9. The Immigration Judge erred in law at paragraph 18 of her determination in that (i) made a finding that was based on speculation or conjecture; and, (ii) made a finding that no reasonable Immigration Judge, properly instructing herself in the relevant law, would have made.
At paragraph 18, the Immigration Judge said this:
18. I do not accept that S was arrested and detained. It seems to have been some time after all the incidents took place. There is no indication that the appellant or S had been doing anything untoward at any of the demonstrations that would cause them to come more particularly than any other person to the adverse attention of the authorities. Many people canvassed before the election and to have been canvassing outside S's shop before the election would not have caused any adverse problems, otherwise they would have been detained while canvassing and not a considerable time later.
The Immigration Judge's findings anent the time that had passed since all the incidents took place is one that depends for its validity on the acceptances of the proposition that the Iranian authorities would have acted sooner if they had any interest in him or in the Petitioner. The time that had passed since the last demonstration was less than one month. The proposition that the authorities would have acted in less than a month if they had an interest in someone, was not supported by any, or any sufficient evidence, but was based on conjecture or speculation. Hence, the Immigration Judge's finding has no legal validity (see, HA, op cit).
Separatim, the Immigration Judge erred in law in so far as she drew an adverse inference from the fact that the Petitioner and S had not been doing anything untoward at any of the demonstrations.
In SB (risk on return - illegal exit) Iran CG [2009] UKAIT 00053, the Asylum and Immigration Tribunal held that Persons who are likely to be perceived by the authorities in Iran as being actively associated with protests against the June 12 election results may face a real risk of persecution or ill treatment, although much will depend on the particular circumstances.
Following SB there is no need to show that a person was doing something untoward at the demonstrations against the 12 June 2009 election results. All that is required is that they are likely to be perceived as being actively associated with the protests.
It follows that the Immigration Judge erred in law in so far as she drew an adverse inference from the fact that the Petitioner and S had not been doing anything untoward at any of the demonstrations.
10. That the Immigration Judge erred in law at paragraph 19 of her determination in that she (i) made a finding that was based on speculation or conjecture; and, (ii) failed to take account of all relevant considerations.
At paragraph 19, the Immigration Judge said this:
19 ...That the appellant felt safe at the factory and that his father was able to phone on the land line the day of the apparent raid on the house, indicates that there was no surveillance of the Appellant's house or family.

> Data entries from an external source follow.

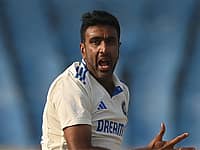 'ಅವರೊಬ್ಬ ಶ್ರೇಷ್ಠ ಸ್ಪಿನ್ನರ್, ಅವರಿಲ್ಲದೆ ದಕ್ಷಿಣ ಆಫ್ರಿಕಾಕ್ಕೆ ಹೋಗಲು ಸಾಧ್ಯವೇ ಇಲ್ಲ': BCCI ಆಯ್ಕೆಗಾರರಿಗೆ ಆರ್. ಅಶ್ವಿನ್ ನೇರ ಸಂದೇಶ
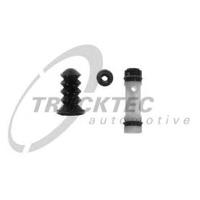 trucktec 0243183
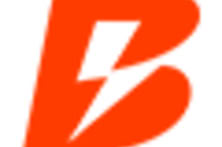 Crash Betano Premium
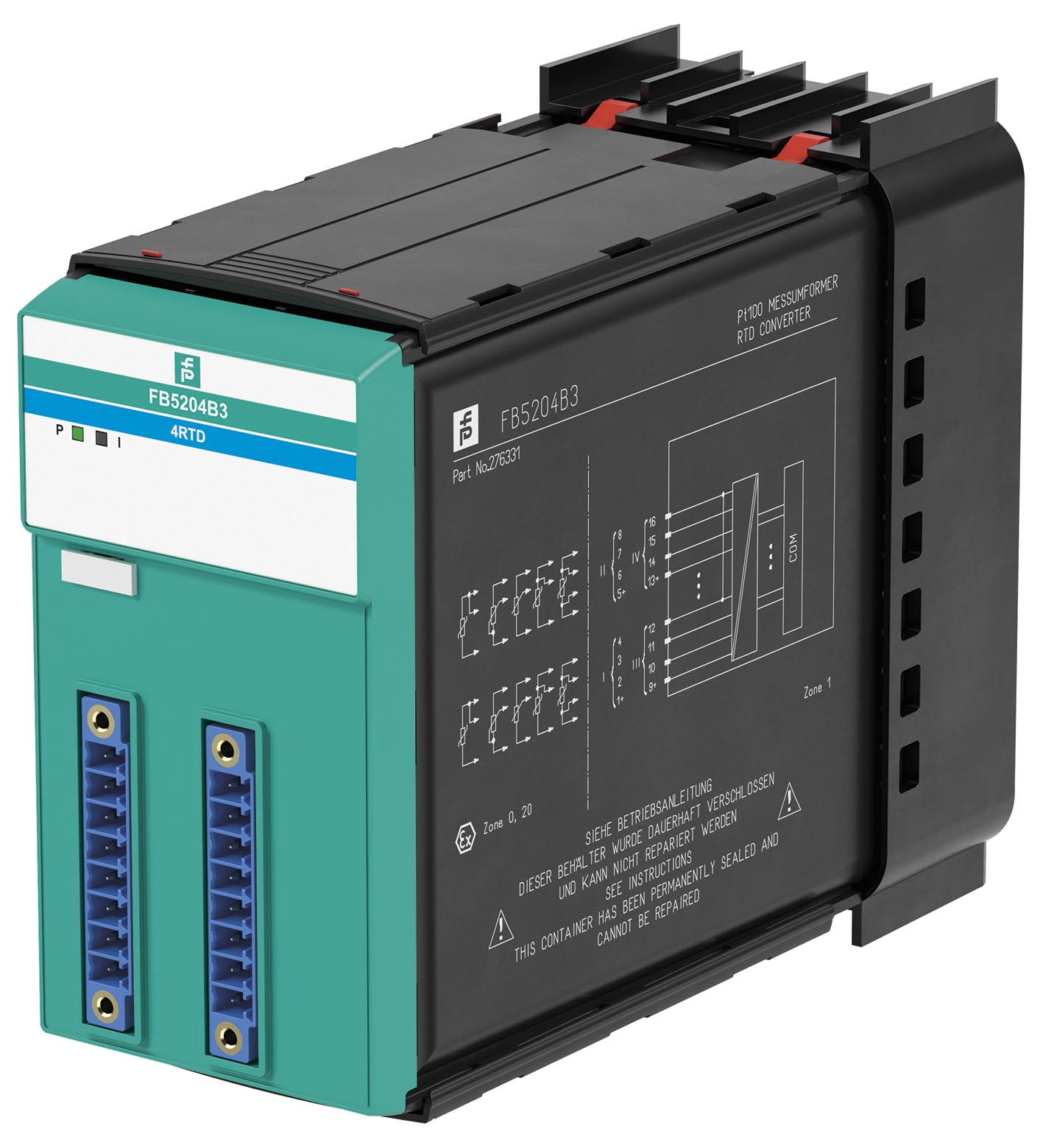 FB5204B3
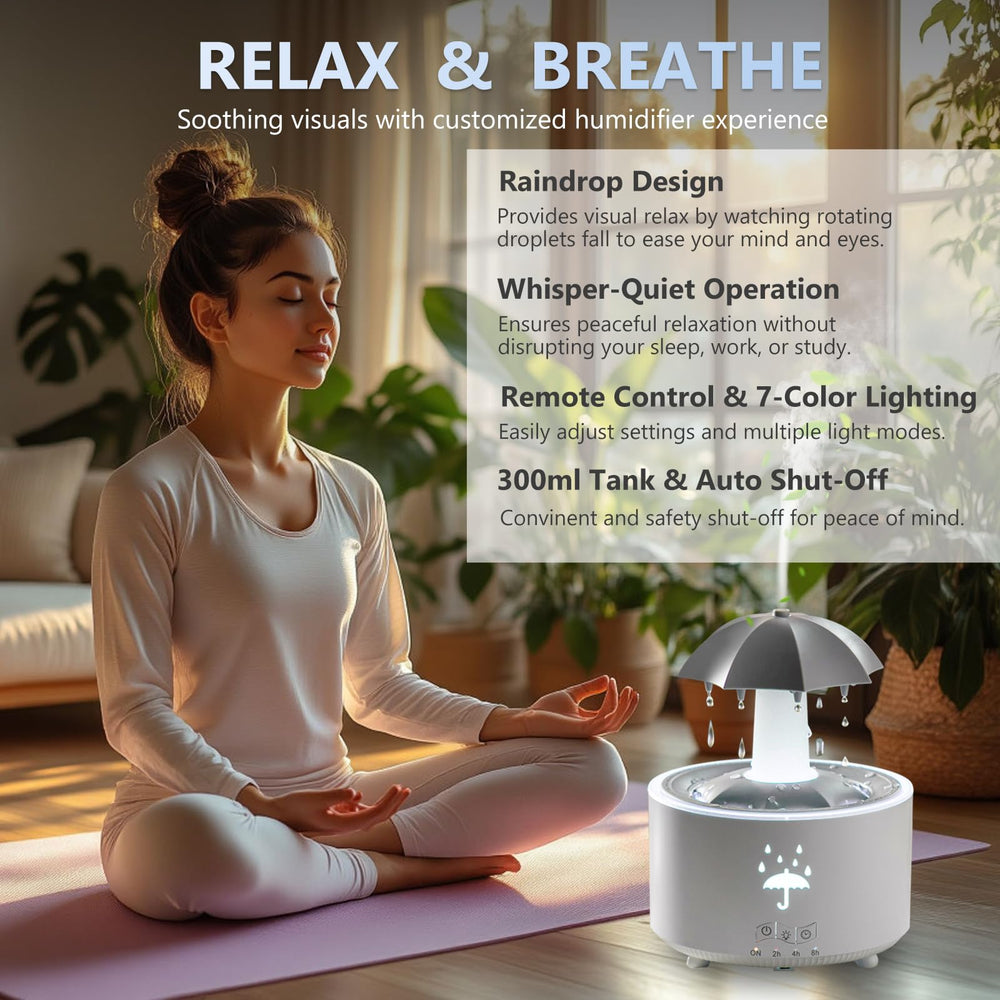 Elcxsla gift-packaged diffuser ready for gifting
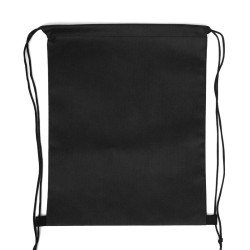 Mochila Friz||Bolsos y Mochilas Mochila Friz||Bolsos y Mochilas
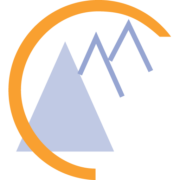 Logo JURA RELIEF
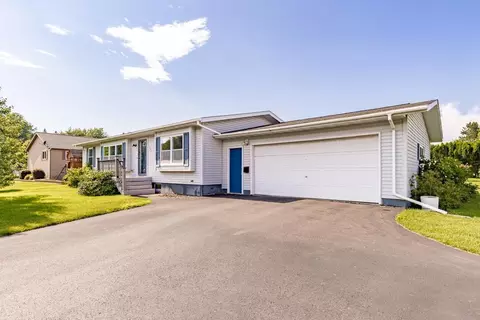 903 Slate St, Cloquet, MN 55720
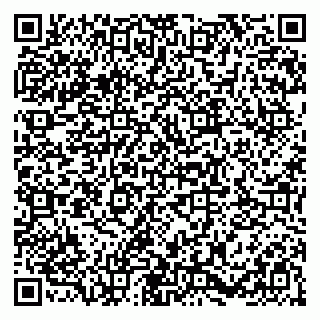 vCard 79683002039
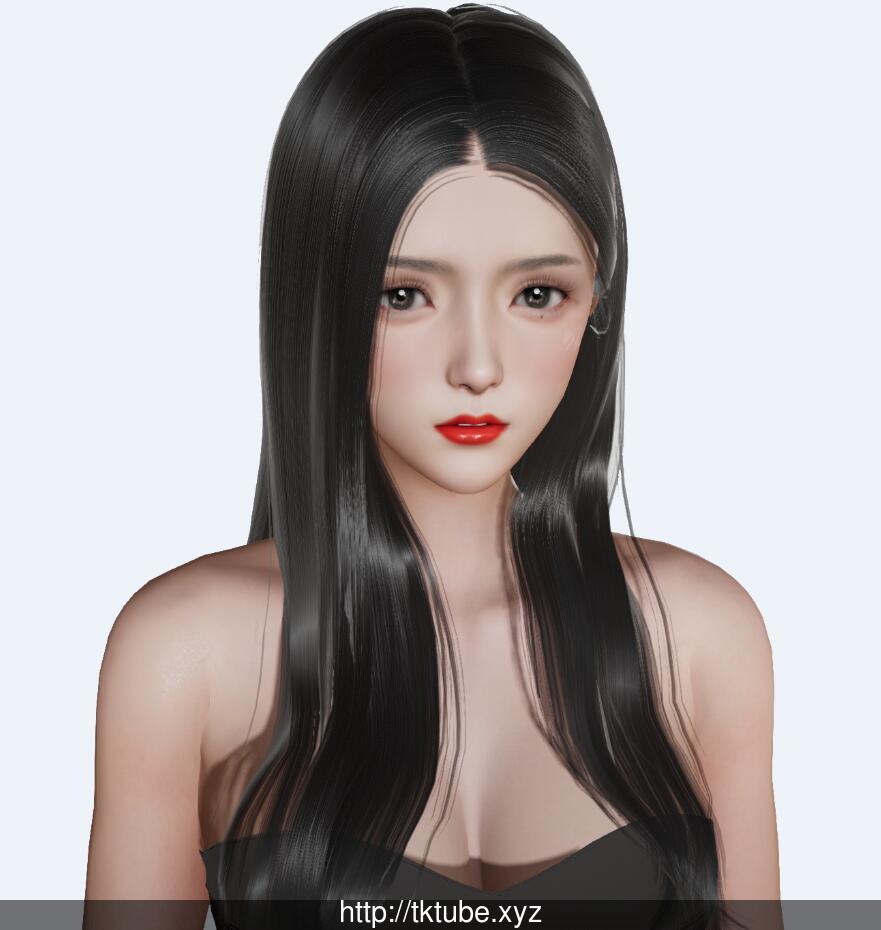 【国产RPG/中文/动态CG】 袭梦都市 V0.70 中文作弊版+动画 [PC+安卓] 【步兵/2.2G/更新】 畅玩游戏 预览第8张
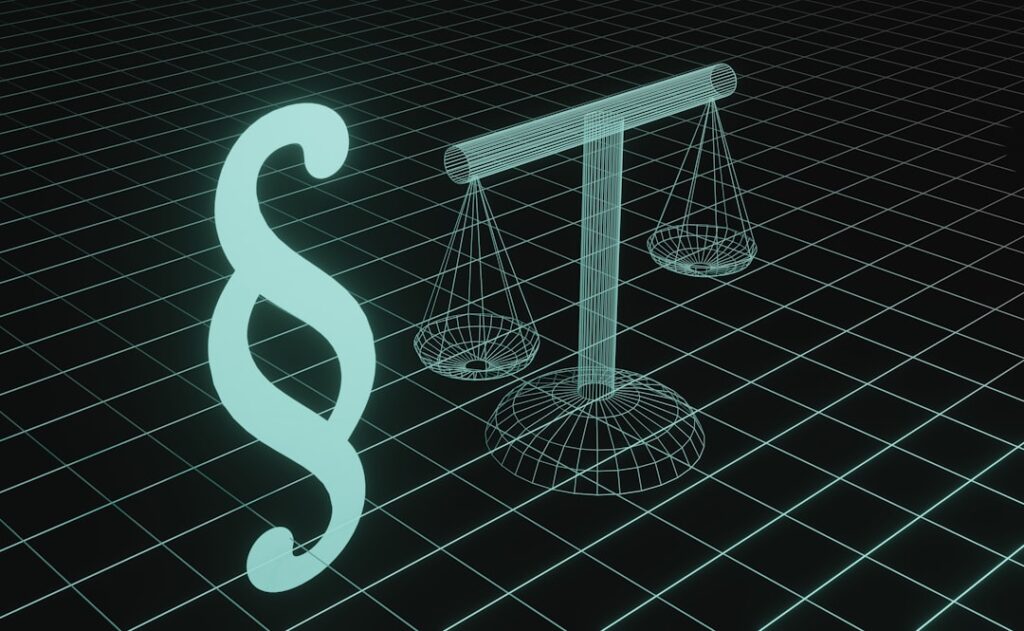 Algorithmic Auditing Reshapes Government Bureaucracy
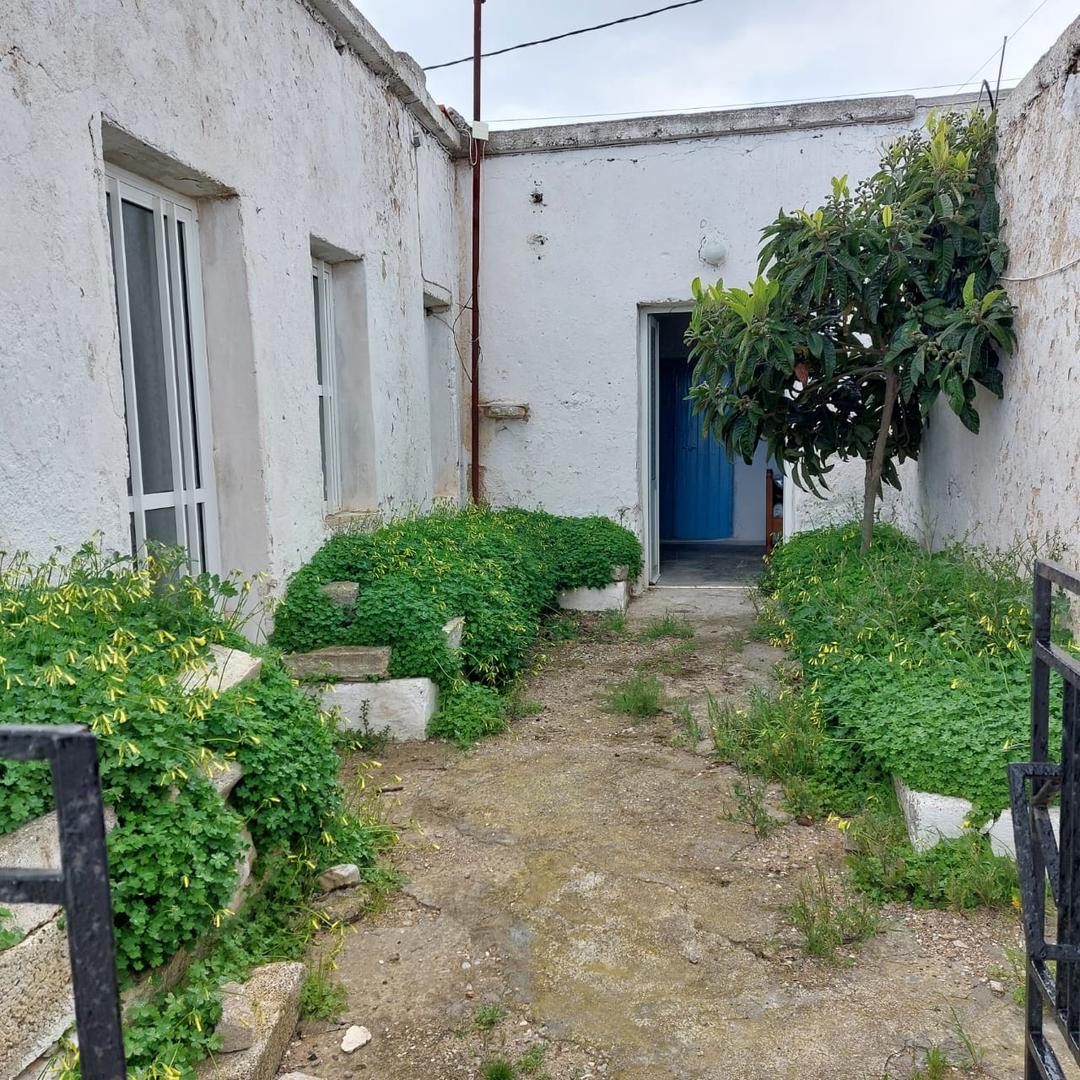 1 - venda casa mesa apidi creta grécia
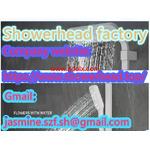 Bathroom Accessories Shower Head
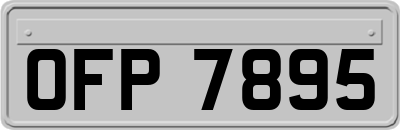 OFP7895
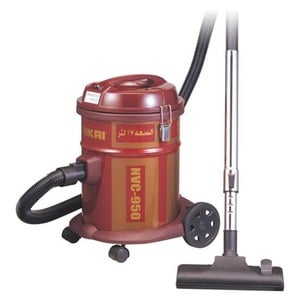 Nikai Vacuum Cleaner NVC950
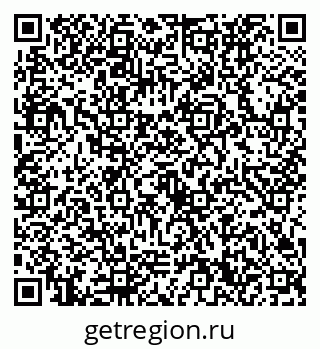 79632730762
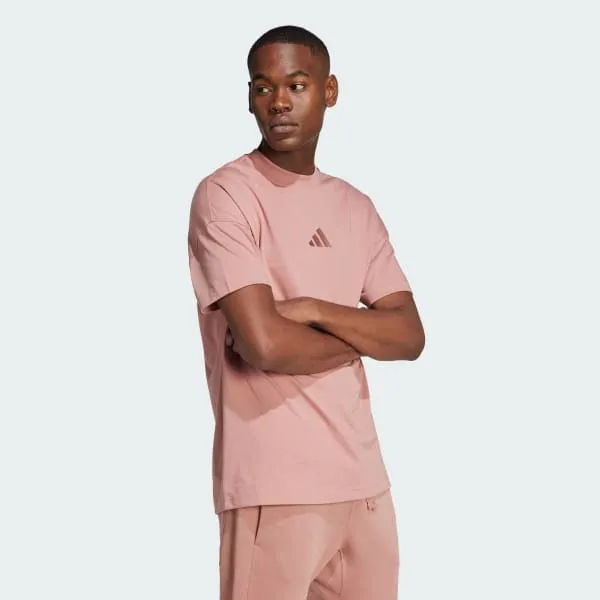 Áo Thun Nam ALL SZN JI6397-XS M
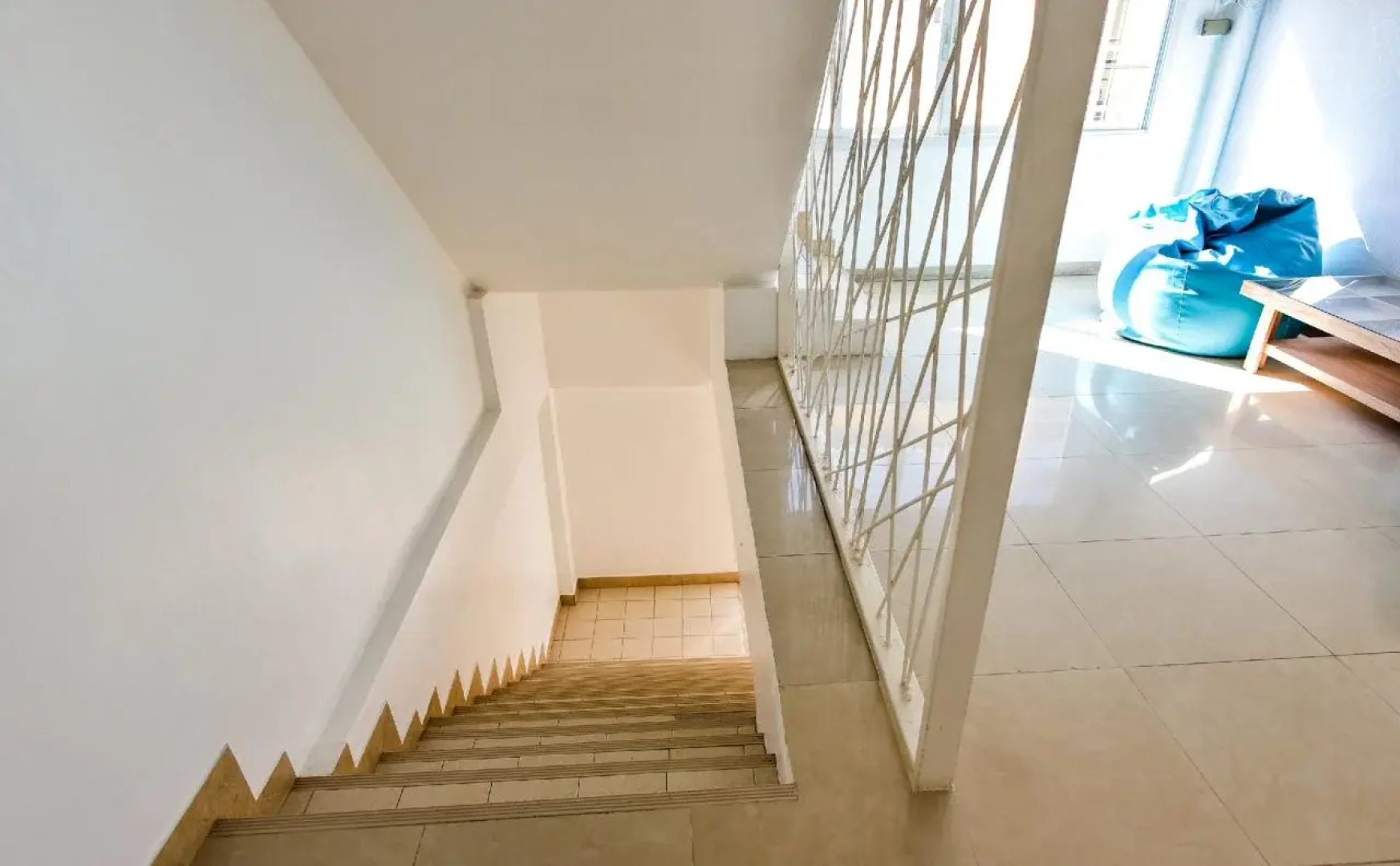 OYO 394 Nana Beach Cha Am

That he feels he can still phone his family on their landline from the UK indicates that there is little to fear for the Appellant or his family.
The Immigration Judge's findings anent the father's ability to phone on the land line on the day of the raid and the Petitioner's ability to telephone his family on their landline, depend for their validity on the proposition that the Iranian authorities would have conducted telephone surveillance of the Petitioner from the day of the raid until the present. The proposition that the Iranian authorities conducted telephone surveillance of every person they sought to arrest over the demonstrations against the 12 June 2009 election results - whatever their prominence - as well as their families, is not supported by any or sufficient evidence, but is based on speculation and conjecture.
Separatim the Immigration Judge failed to take account of all relevant considerations in making the said findings. In particular, she failed to take account of the degree of prominence of the Petitioner or the level of his political involvement.
As the Upper Tribunal held in BA (Demonstrators in Britain - risk on return) Iran CG [2011] UKUT 36 (IAC) - albeit in a slightly different context - "it is important to consider the level of political involvement before considering...priority that the Iranian regime would give to tracing him".
Had the Immigration Judge taken account of the degree of prominence of the Petitioner or the level of his political involvement, she might well have reached a different conclusion about the father's ability to phone on the land line on the day of the raid and the Petitioner's ability to telephone his family on their landline.
By failing to take account of this consideration, she erred in law.
The Immigration Judge went on at paragraph 19 of her determination, to say this:
19 ...Even if the appellant went to stay in the villa of his father's friend (which I do not accept occurred), he was safe there and had no need to come to the UK...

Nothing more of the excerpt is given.